● **AVAILABLE DATA**

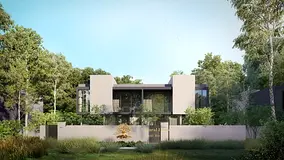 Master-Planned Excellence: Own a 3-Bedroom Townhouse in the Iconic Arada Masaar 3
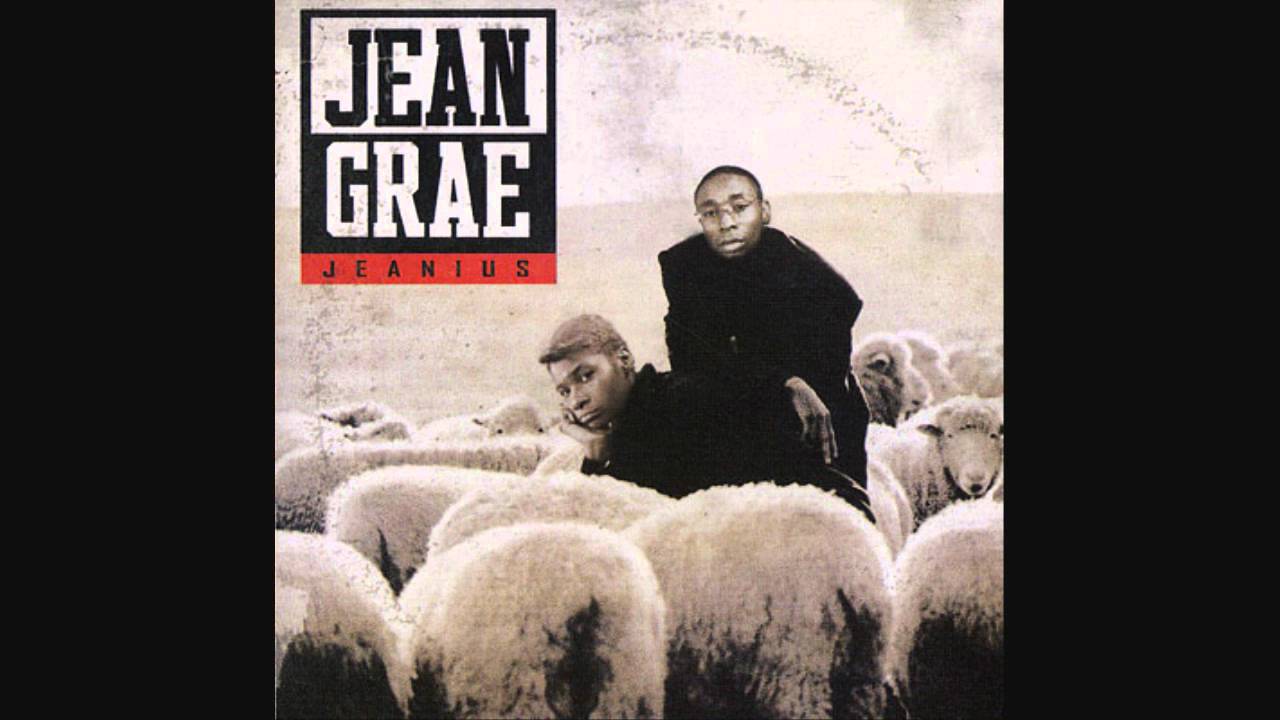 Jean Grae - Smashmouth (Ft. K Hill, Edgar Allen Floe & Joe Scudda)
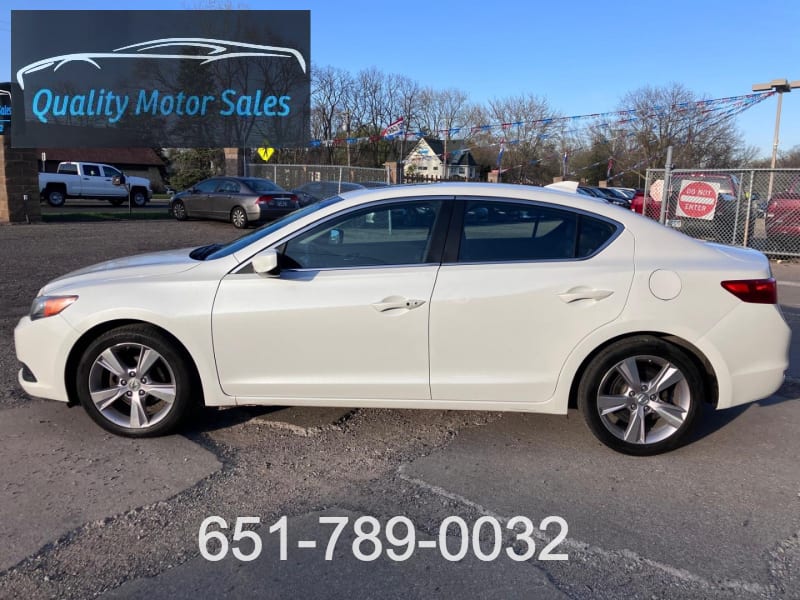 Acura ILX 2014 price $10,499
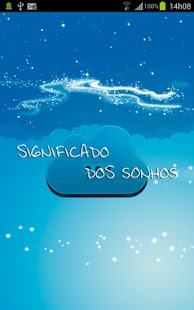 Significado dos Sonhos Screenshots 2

● **TASK DESCRIPTION**
All of the material above needs to be restated exactly, with no pictures.

● **EXPECTED OUTPUT**
 Master-Planned Excellence: Own a 3-Bedroom Townhouse in the Iconic Arada Masaar 3
 Jean Grae - Smashmouth (Ft. K Hill, Edgar Allen Floe & Joe Scudda)
 Acura ILX 2014 price $10,499
 Significado dos Sonhos Screenshots 2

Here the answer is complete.